What You Need to Know

For many families, living on base provides perks like affordability, convenience, and community. These are especially helpful in competitive housing markets or when you receive orders to move with limited lead time.

If you are considering living on base, your first step is to contact the local housing office. To find the housing office at your duty station, go to this Military OneSource resource locator and type in the location. You will be connected to local support services, including the housing office.

Privatized Housing Reform

In 2019, MFAN launched a survey to understand the experiences of military families living in privatized military housing. The response we received was something we never could have anticipated — nearly 17,000 families responded in one week. We learned of families living in poor conditions, and since then, the spotlight has been on military housing.

Overall, it became evident that those in leadership roles did not have a firm understanding of the poor conditions of privatized military homes.

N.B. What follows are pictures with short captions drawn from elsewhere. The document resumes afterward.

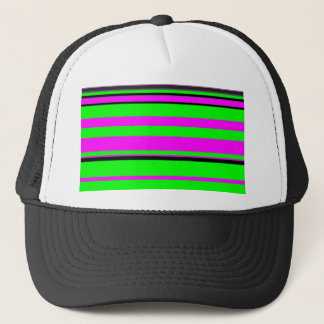 Hot Pink Green Black Colourful Stripe Pattern Trucker Hat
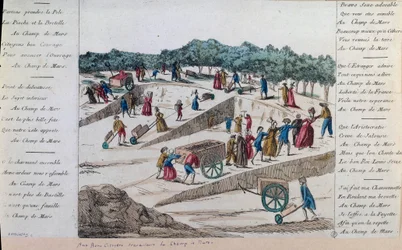 Révolution française : les ouvriers du Champ de Mars en 1789 à Paris. Paris, Musée Carnavalet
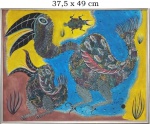 Chico Silva (Cruzeiro do Sul - Alto Tejo, Acre, 1910 Fortaleza, 1985) "Imaginários Zoomórficos". Têmpera sobre eucatex. 37,5 x 49 cm. Assinado e datado (1972). Moldurado.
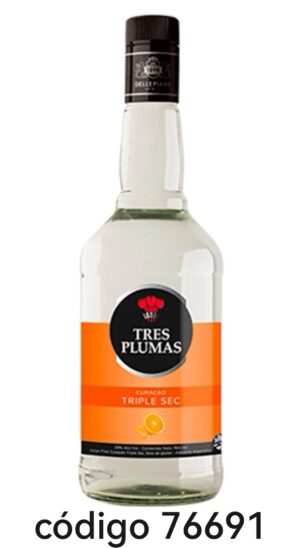 TRES PLUMAS CURACAO TRIPLE SEC  6X700ML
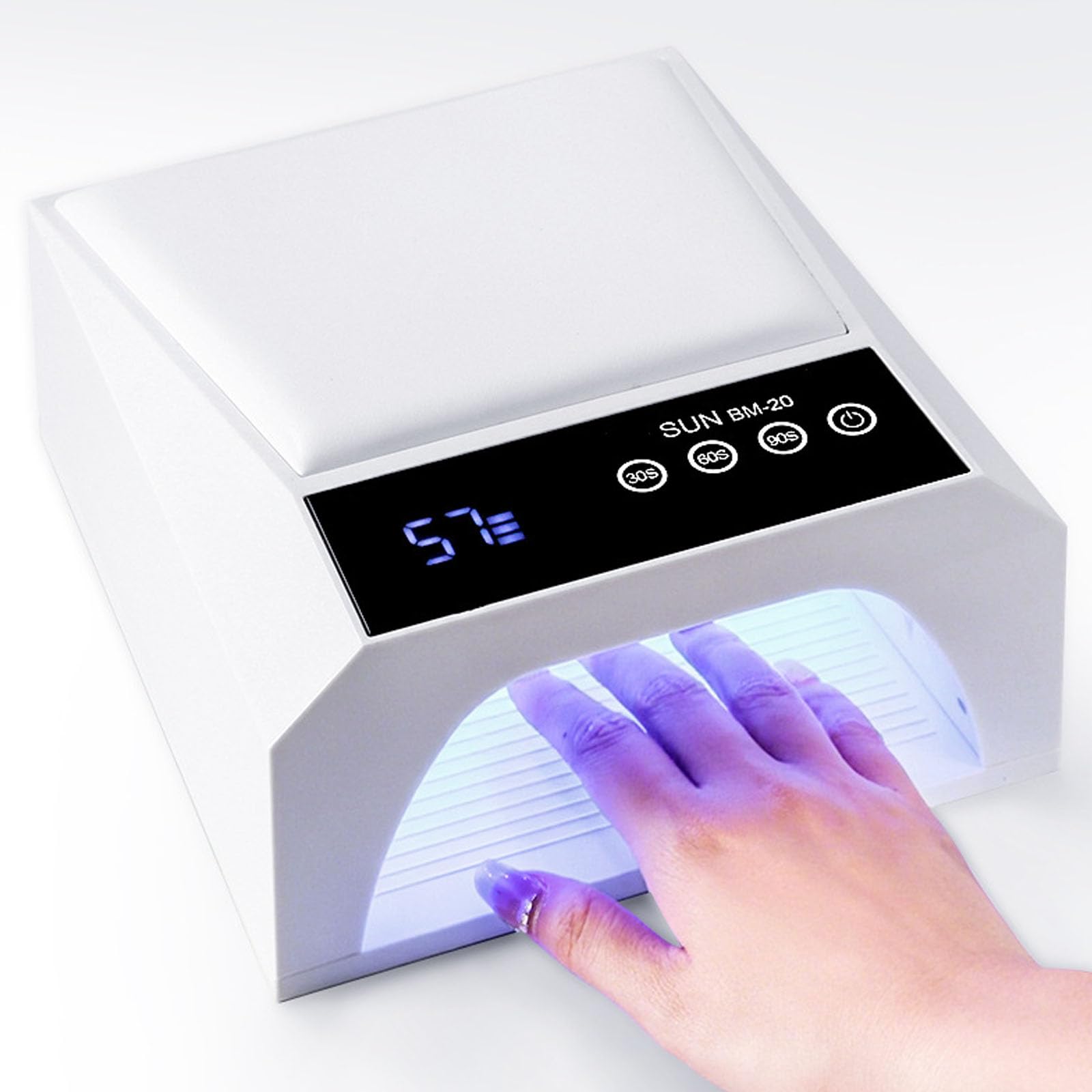 Lampada UV senza fili ad alta potenza per unghie con batteria ricaricabile e poggiapolsi inclinato per una rapida polimerizzazione del gel, lampada professionale senza fili per unghie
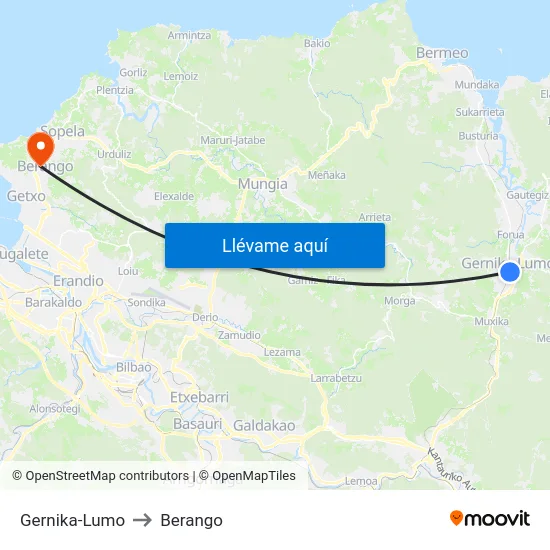 Gernika-Lumo to Berango map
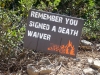 Signs like this one along the course encourage participants as they pass.
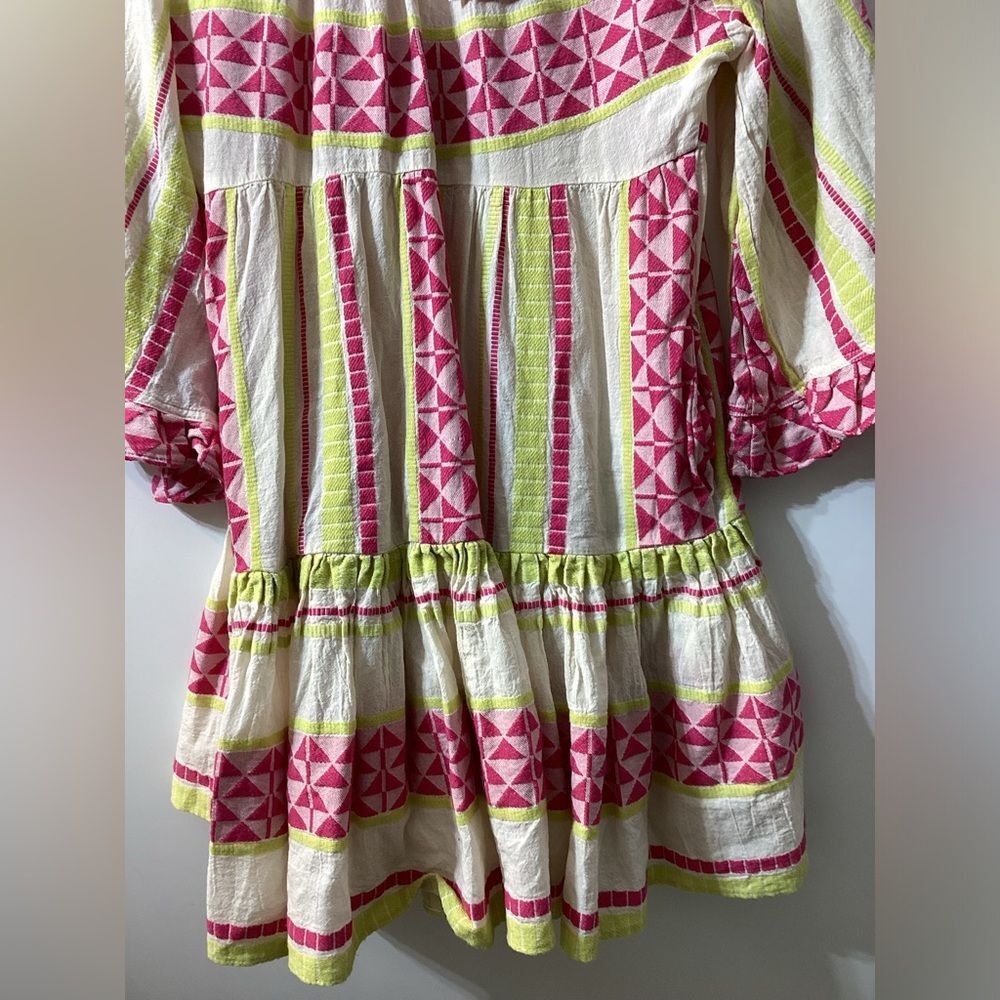 Pearl & Caviar Boho Pink Multicolor Patterned Mini Dress Size S/M NWT - Picture 7 of 11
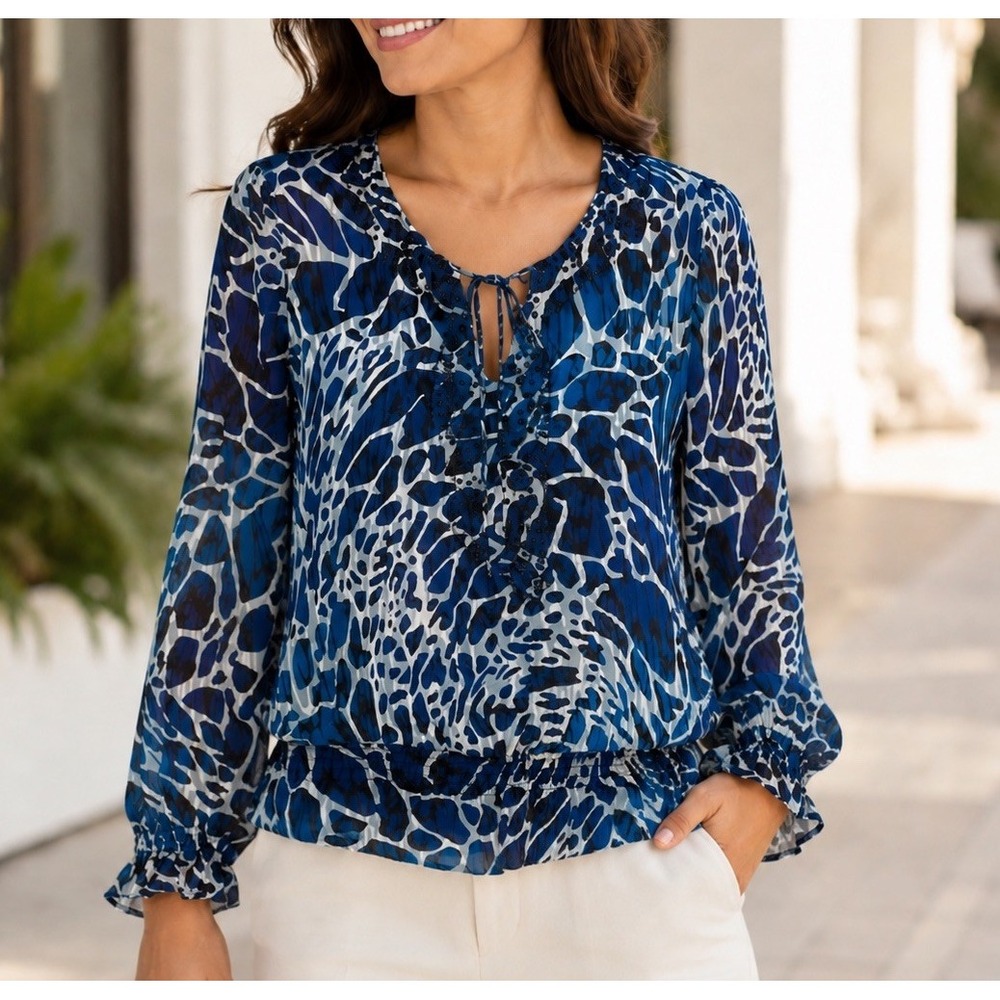 Fashion Bug Vintage Y2K Blue Black Animal Print Beaded Fairy Chiffon Tunic Top M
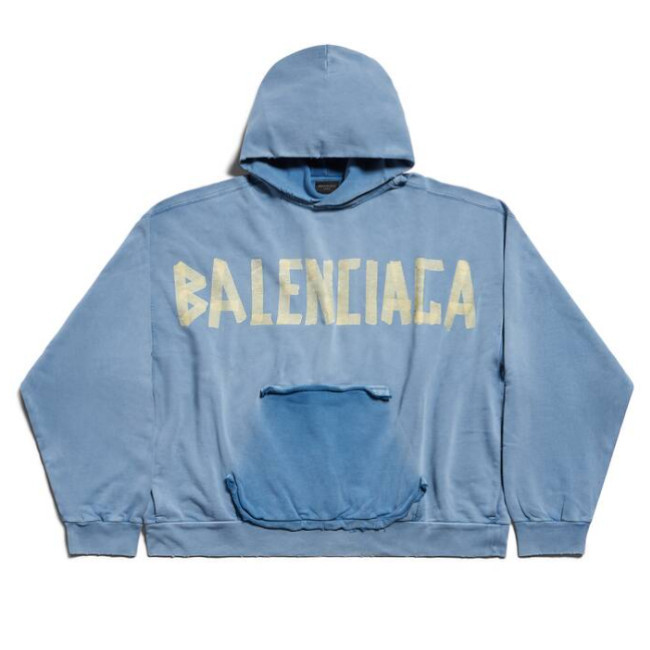 BALENCIAGA  |Men's Tape Type Ripped Pocket Hoodie Large Fit in Faded Blue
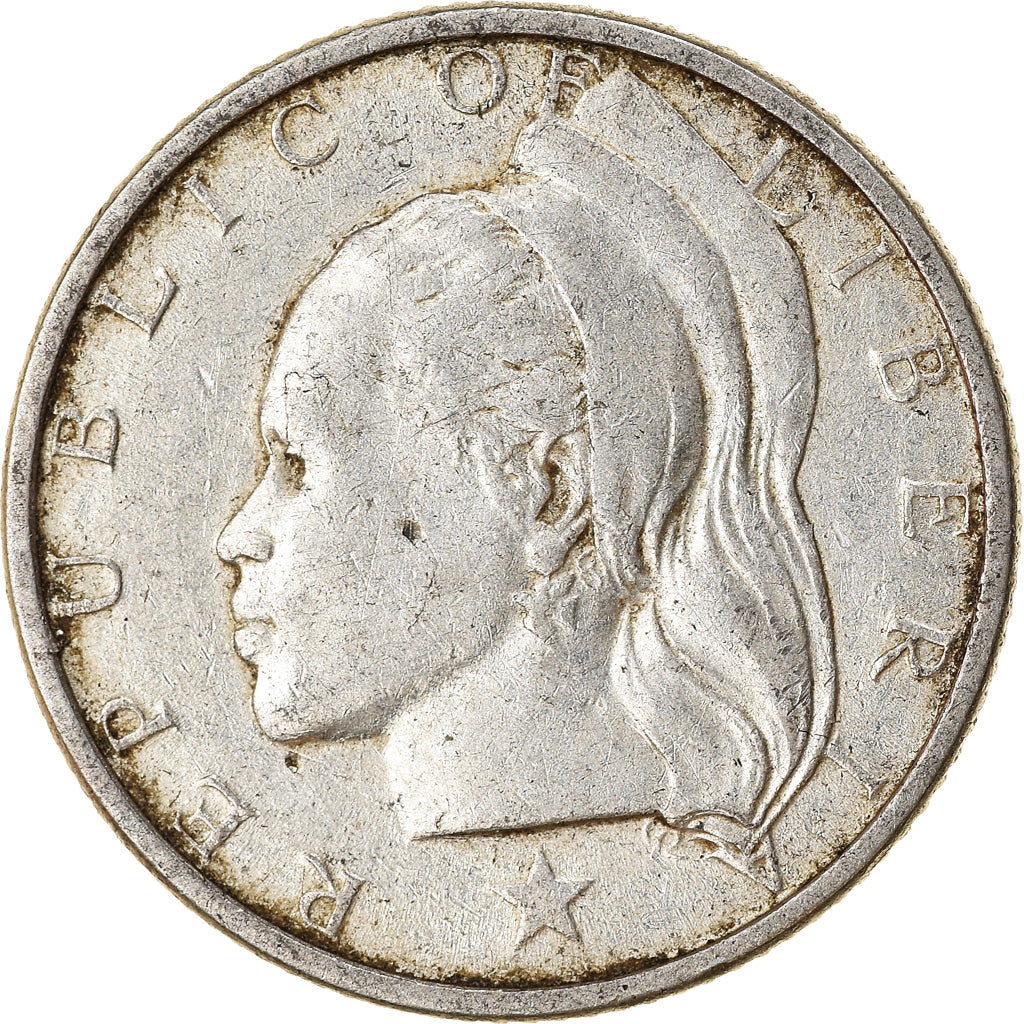 Coin, Liberia, 10 Cents, 1960, VF(30-35), Silver, KM:15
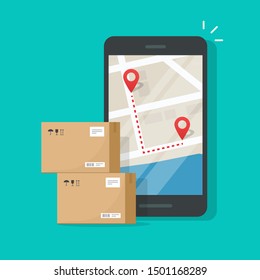 Parcel delivery tracking on cellphone or mobile phone vector, flat cartoon smartphone telephone with city map on screen and pin pointers destination location and packaging boxes, shipping logistic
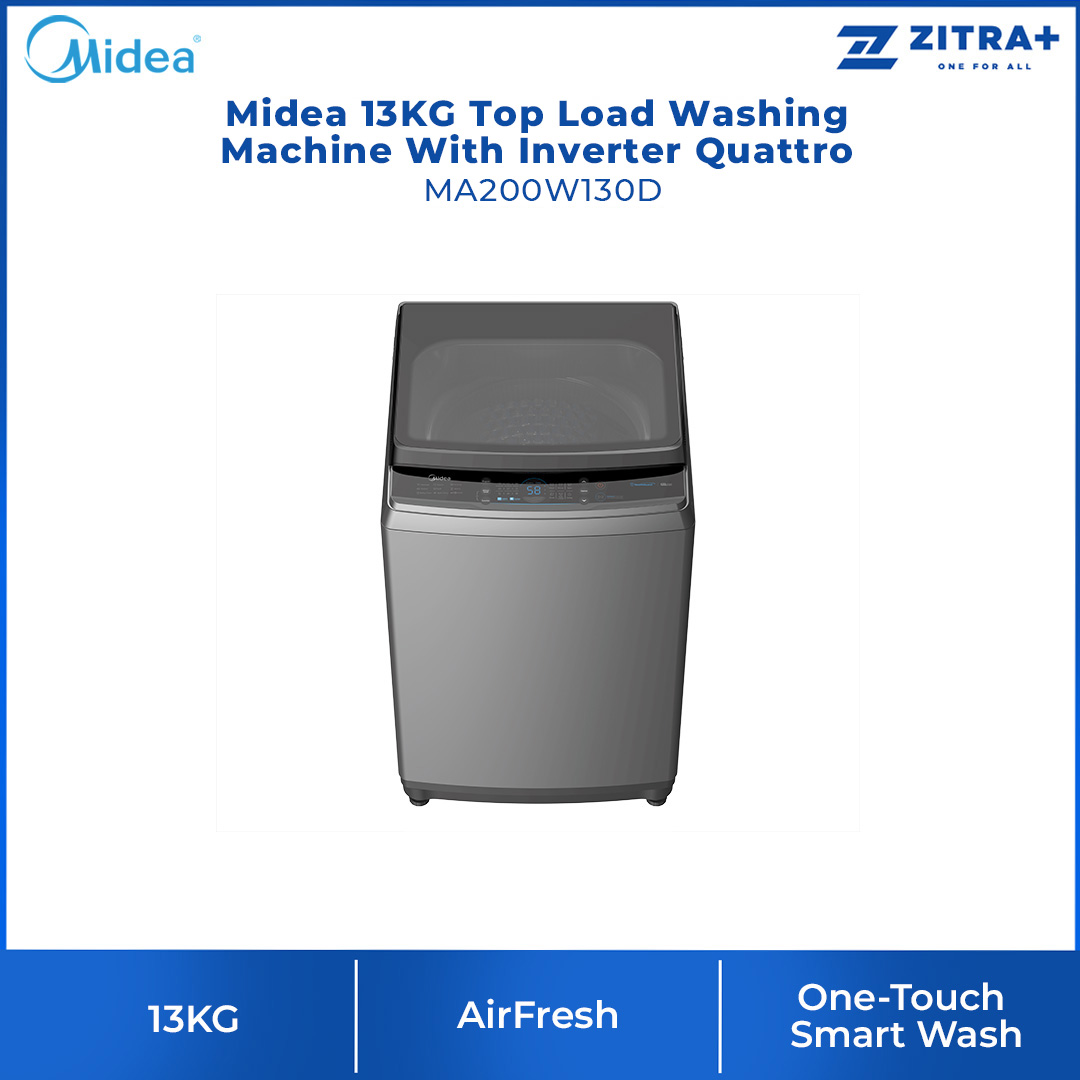 Midea 13KG Top Load Washing Machine With Inverter Quattro MA200W130D | Inverter Quattro | Easy-To-Clean Metal Lint Filter | AirFresh | Washer Dryer with  2 Years Warranty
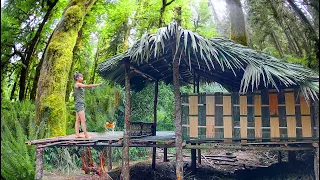 OFF GRID - The Girl Builds all bushcraft Natural Shelter in the rainforest - 200 days living alone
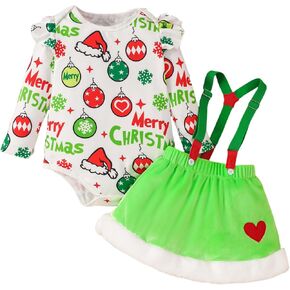 Yanmucy Newborn Baby Girl Christmas Dress Plush Suspender Skirt+Printed Romper Outfit Toddler Christmas Bodysuit 0-24 Months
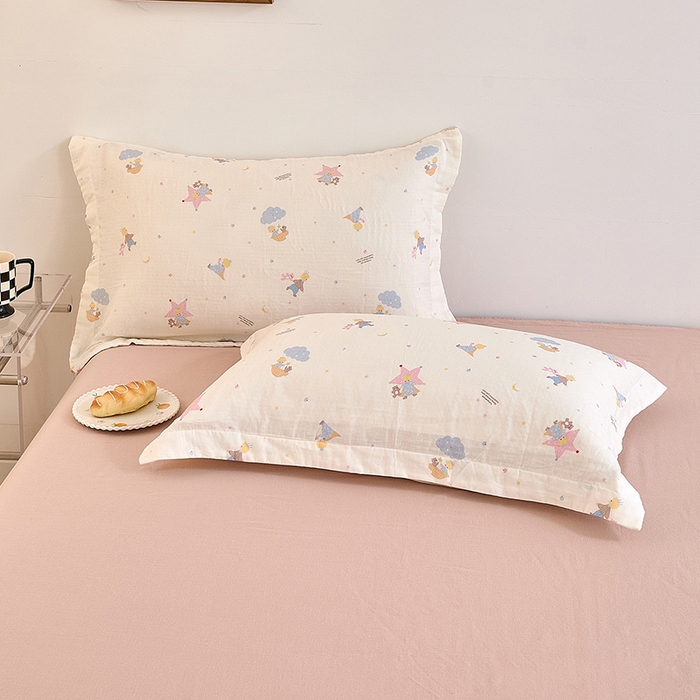 91家纺网 家纺一手货源 找家纺 2025新款全棉双层纱印花四件套（第二批）宝贝乐园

In 2020, the Department of Defense publicly stated their intention to correct this situation.

Understanding Your Rights & Responsibilities

A key outcome of privatized housing reform was the development of the tenant bill of rights, with 18 components designed to provide transparency and accountability, including:

  • A dispute resolution process.
  • A property maintenance history.
  • Universal lease agreements.

The full tenant bill of rights can be viewed here. Of course, it is also important to remember that as tenants, we share in the responsibility. Learn about your responsibilities as a tenant here.

Navigating Challenges With Privatized Military Housing

If you and your family run into a problem with your home that isn’t resolved by a typical maintenance request, there are steps you can take.

  1. Contact the Property Management Office (PMO).
  2. Elevate the request to your Community Director.
  3. Submit the dispute to the Military Housing Office (MHO) and request a meeting with the MHO and Community Director.
  4. The MHO will elevate the request through the chain of command and discuss with the project owner (e.g., Balfour Beatty, Corvias, Hunt Military Communities, Lincoln Military Housing).
  5. Seek independent legal counsel.